Long Range Reports:
Chins To The Wind
American Angler posted November 7: “With our chins up we headed into the eighth inning looking for vengeance and because the gang kept such a positive attitude, today brought good things to good people. Finally waking up to beautiful weather, it was a good start from the beginning. Working together with our fellow code boats like a well-oiled machine, we were able to get on some frisky tuna action that lasted all day. User-friendly 15 to 30-pound yellowfin bit, just how we like it, stop after stop. Bites came fast and so did good morale and by the end it was a well-deserved day for everyone and hands down lady luck was on our side. Dina Wheeler even managed to pick up the seasons third albacore. Feeling like we are back on track, we are hoping to keep the ball rolling as we head into our last day.”
To The Ridge
Off on a 10-day trip for the Excel, Skipper Justin Fleck started off at the islands. “We had great yellowfin tuna yesterday, he wrote November 7, “and had daily limits. We stayed the night and did not fair as well and got a few yellowtail and then headed offshore and managed about a dozen dorado. We are now headed south to The Ridge in search of wahoo. We will check back in again later.”
“Beautiful weather and good fishing,” reported Independence skipper Matt Kaullen November 7. “Everyone had a chance to pull on school size tuna today and bit of wahoo. We are headed north tonight looking for more wahoo in the morning.
“We had a great day fishing for wahoo,” he posted the next day. “We were able to get everyone a wahoo to take home. Lots of fun in the sun today. We are traveling north tonight looking for more fish in the morning.”
Now At Work
Royal Polaris filed this report November 9: “We arrived at Hurricane bank at 04:00 hours. Weather has been on the breezy side all day but plenty comfortable on the anchor. Our fishing today would be described as a slow scratch. The largest yellowfin was caught by Harold Davis on a rainbow runner on the kite at 201-pounds.

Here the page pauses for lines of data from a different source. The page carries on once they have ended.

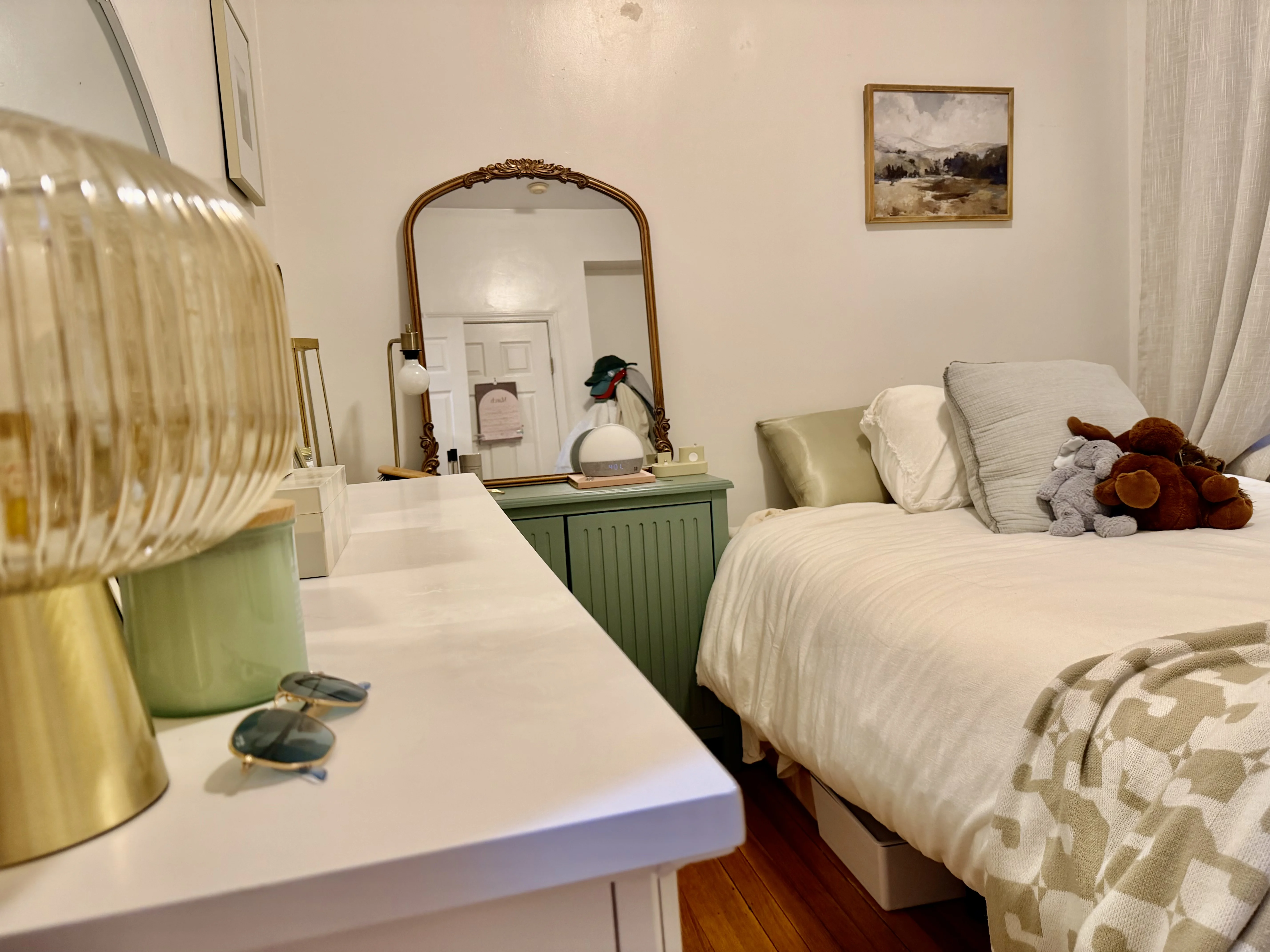 2 bed, 1 bath apartment for rent at 21 Westbourne Ter Unit 1, Corey Hill — photo 4 of 16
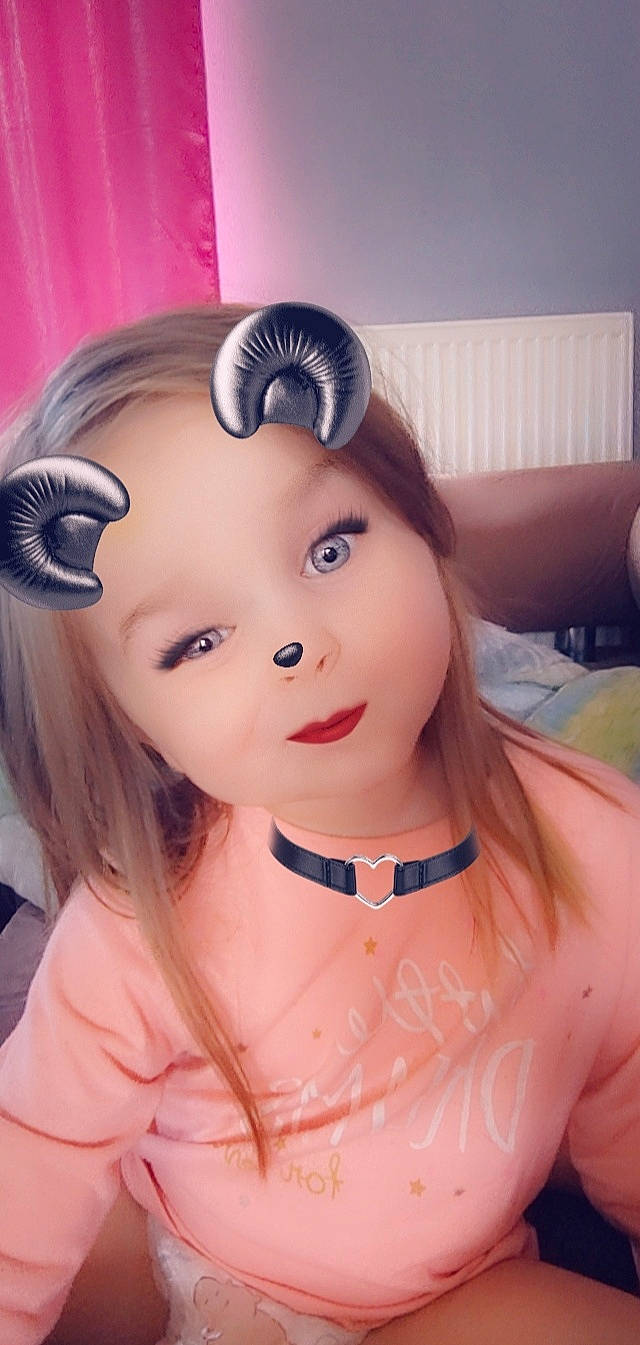 Ylena a rejoint le concours — aidez-le/la à gagner de superbes lots ! audio_equipment, cheek, chin, cool, ear, eyebrow, eyelash, gadget, hair, happy, headband, headgear, headpiece, lip, long_hair, neck, person, pink, skin, smile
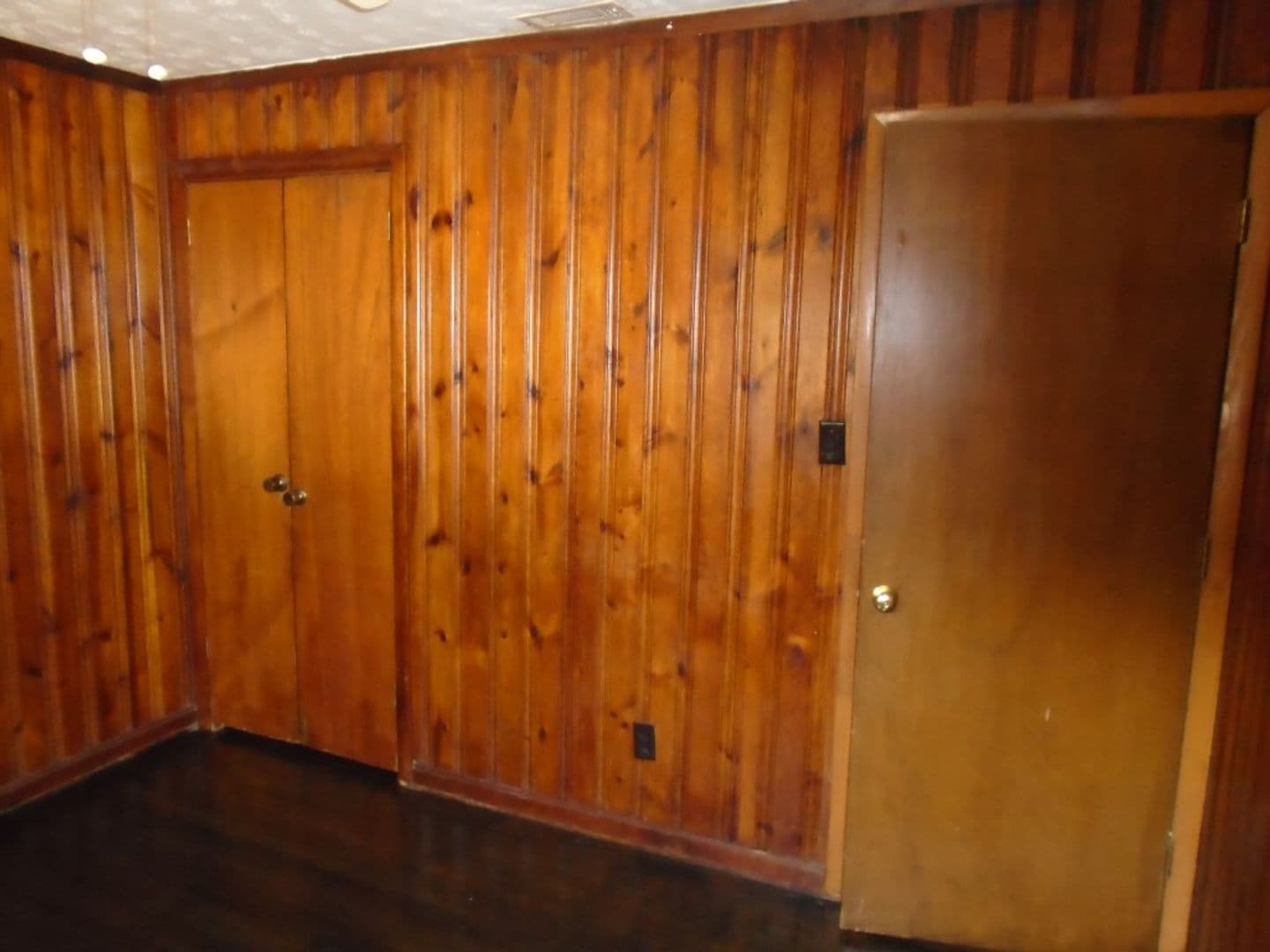Fayetteville Apartment: 302 Old Shaw Rd.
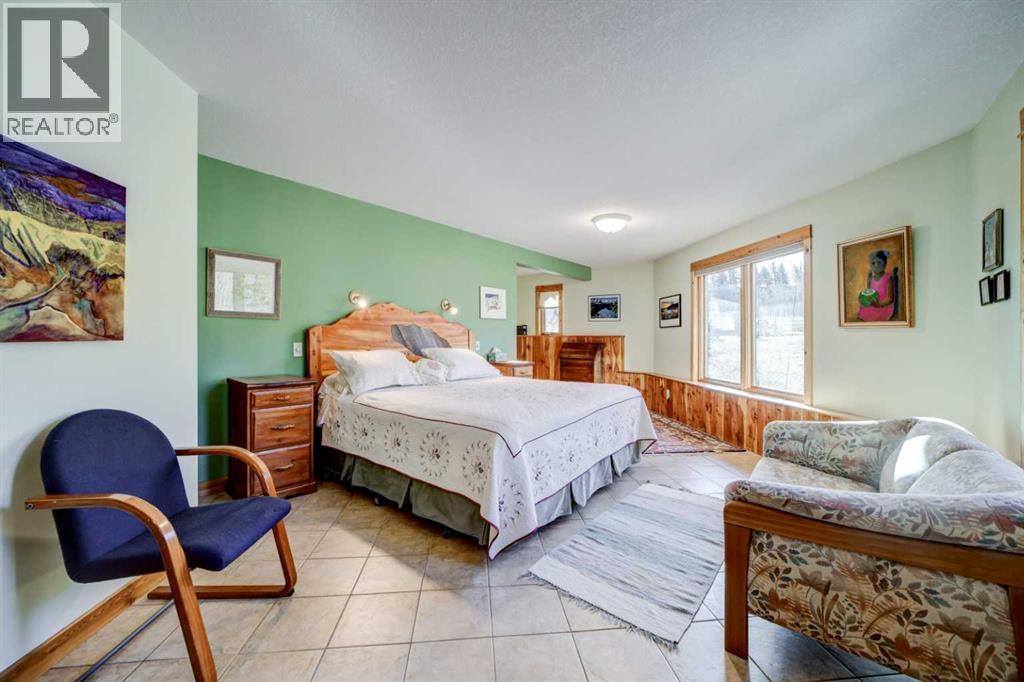 31 Villa Vega Acres, Rural Pincher Creek No. 9, M.D. Of, AB - Indoor Photo Showing Bedroom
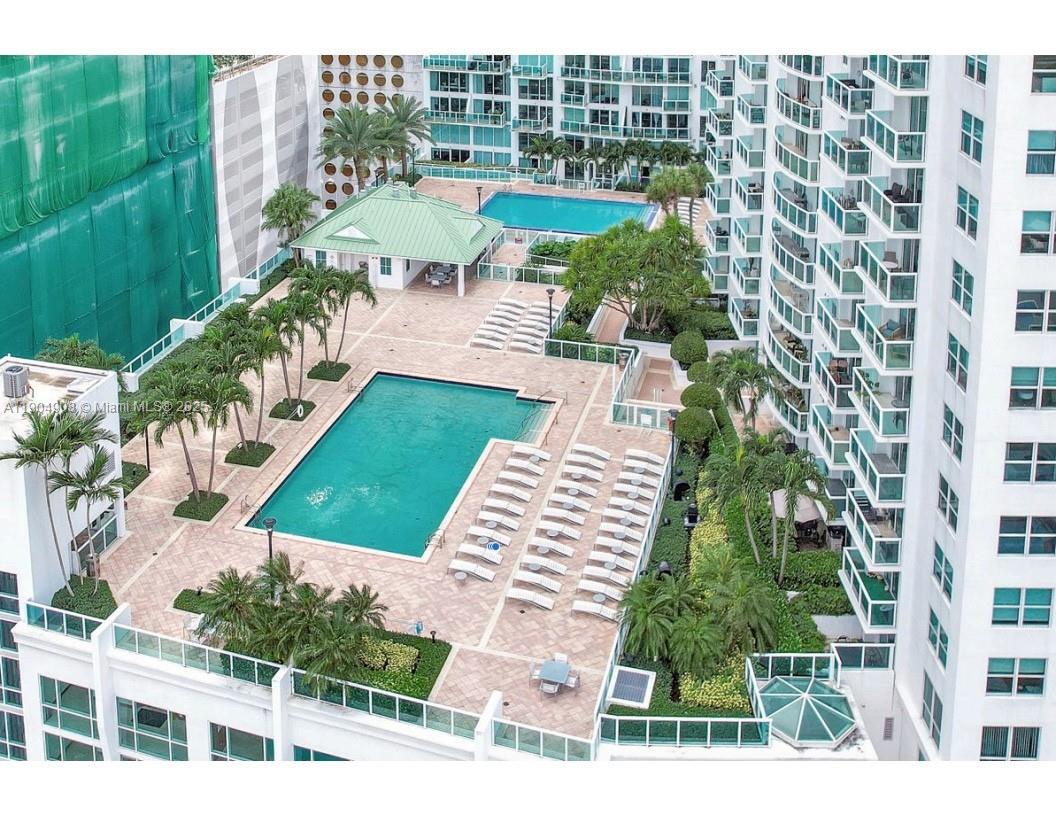 41 SE 5th St #816, Miami FL 33131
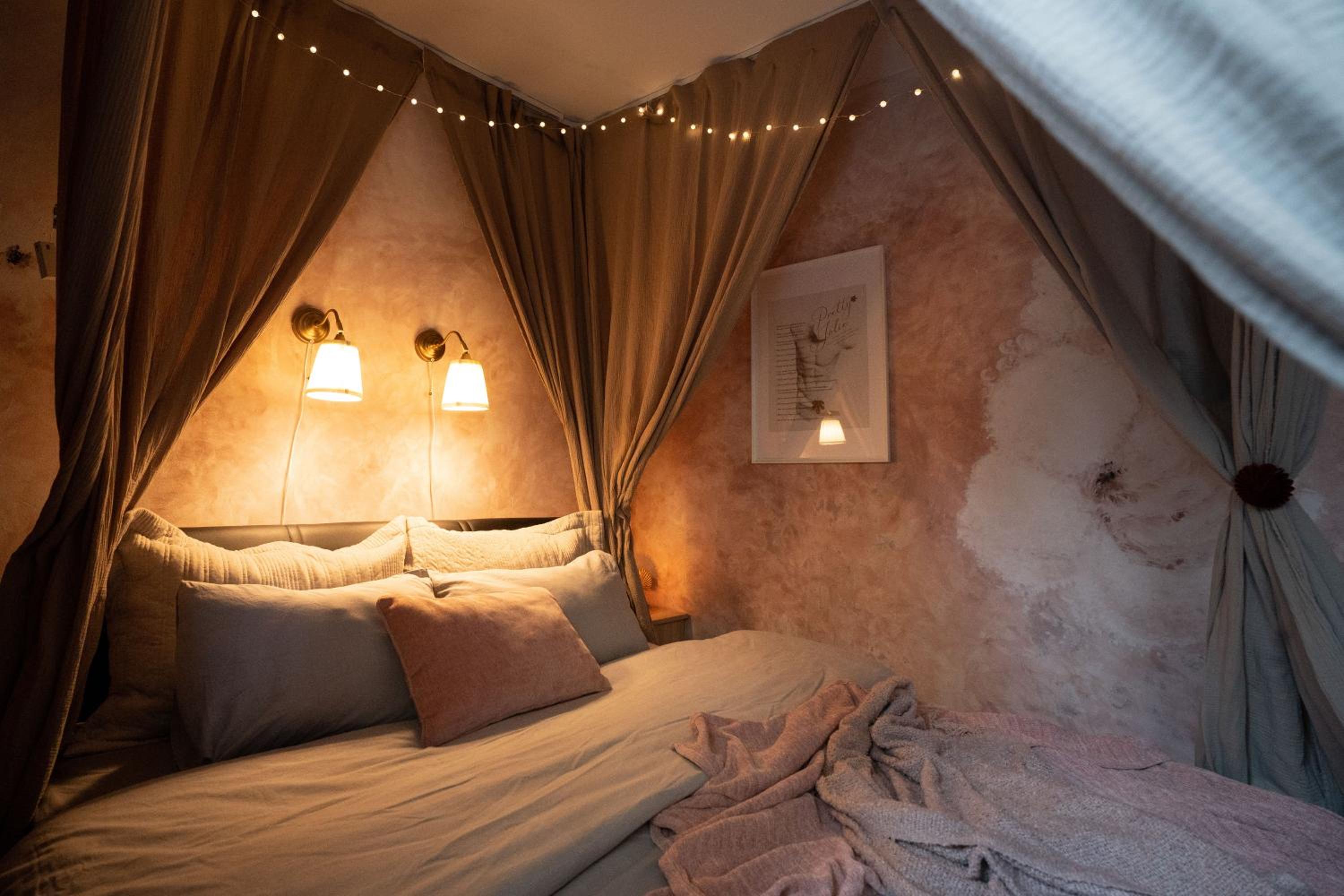 Pretty Jolie Romantic Getaway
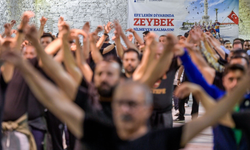 İzmir’de ücretsiz zeybek kursuna yoğun ilgi! Yaklaşık 800 kişi başvurdu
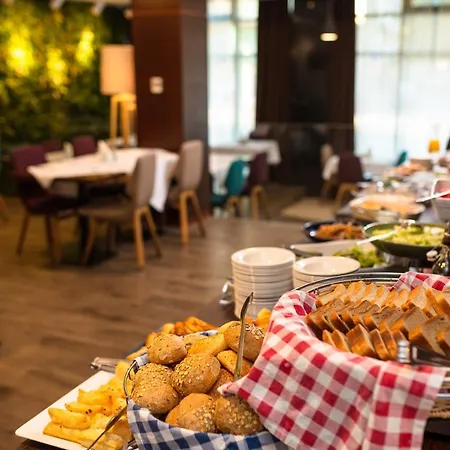 New & Restaurant Hotel 4*
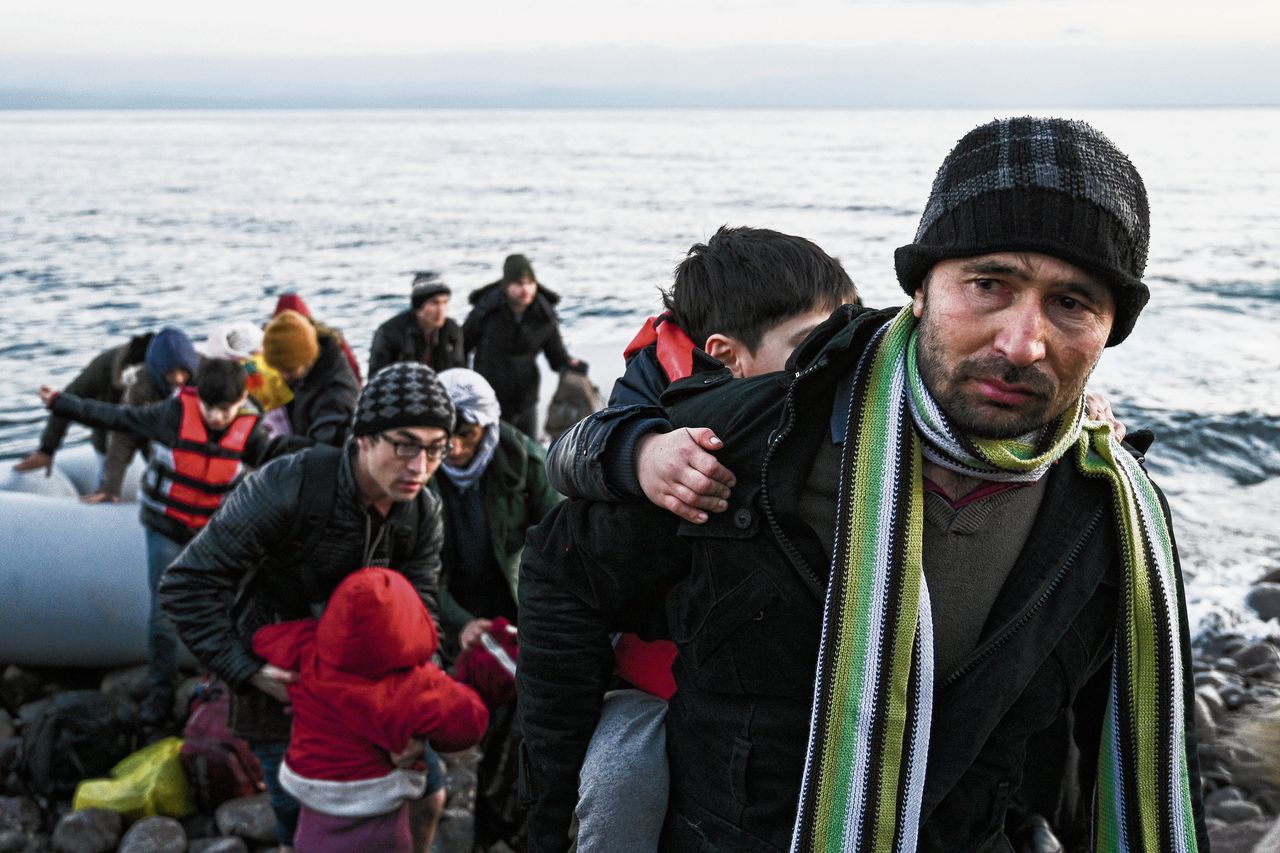 Vluchtelingen en migranten gaan begin maart aan land op het Griekse eiland Lesbos.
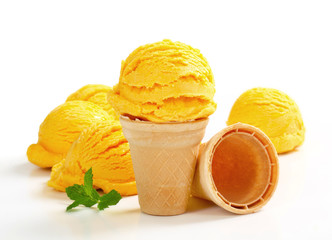 Yellow ice cream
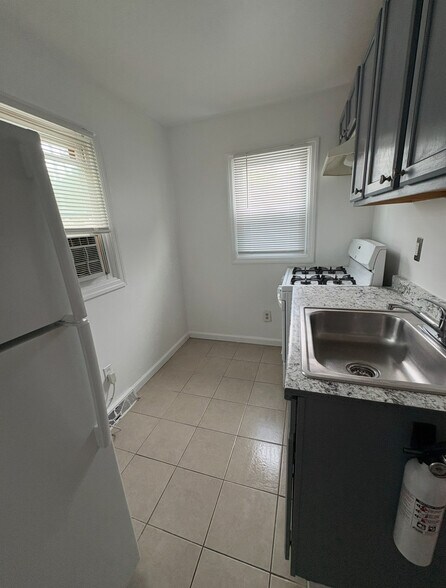 Building Photo - 537 Schiller Ave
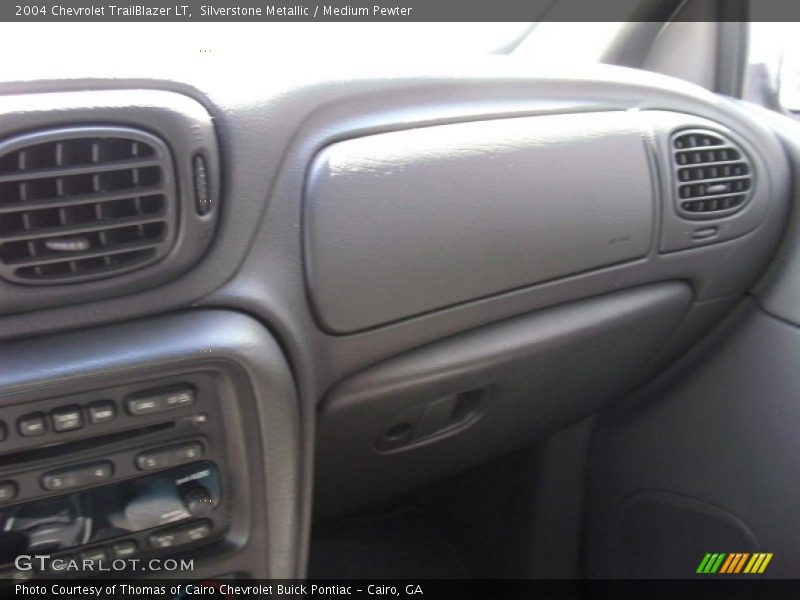 Silverstone Metallic / Medium Pewter 2004 Chevrolet TrailBlazer LT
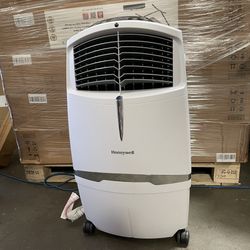 Honeywell 525 CFM Portable Evaporative Air Swamp Cooler 320-Sq Ft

“We had around 10 fish in the 150 to 175 category. We ended the day with 28 yellowfin tuna and 29 wahoo. We do not see a lot of signal, but we will get an earlier start in the morning and hope to have a good report for you tomorrow. Dinner tonight was an excellent Os0-Buco.”
Over The Rail
Royal Star skipper Tim Ekstrom wrote November 7: “Good fishing today; again the quality of these yellowfin tuna being the real draw. By numbers alone one could easily mistake this outing for an average affair – a nice day but nothing to write home about. But beautiful 90 to 150-pound yellowfin coming over the rail just about all day long is anything but average in these parts – I think. Whether this is another gift of El Nino or the new norm out here remains to be seen. For now we’ll consider the bounty from a fisherman’s perspective and save the questions, and projections, for later. I’ll even go cliché on you – it doesn’t get any better than this. It’s a bit of a copout for one who likes to write but fits the bill perfectly today. This is good fishing, good living – exactly what we hope to find every time. Of course reality does not allow such fortune but for a handful of occasions, perhaps a few more during really good seasons, per year. So we take this at face value, harkening back to sentiments expressed in yesterday’s narrative. It’s a fine note to close on, as is today’s photo selection. Mike Reardon, Royal Star veteran and exceptional angler in any setting, made good on the opportunity to battle this beautiful, 140-pound class yellowfin tuna.”
The next day Tim wrote: “The overall grade today was still excellent, mostly fish in the 60 to 80-pound class, but the standout big boys were decidedly absent; only a couple of 100-pound class yellowfin were seen. Every day is different. Regardless of today’s results we can rest assured that those bigger fish are still around. They just chose a different routine today beyond our reach and/or fishing savvy. Day’s end brought us to a beautiful anchorage enhanced by scenery that can only be described as spectacular. A massive, towering bluff reflecting fading evening hues and the near volume of wash rocks diffusing mid-oceanic surf provided proper contrast for a grateful farewell.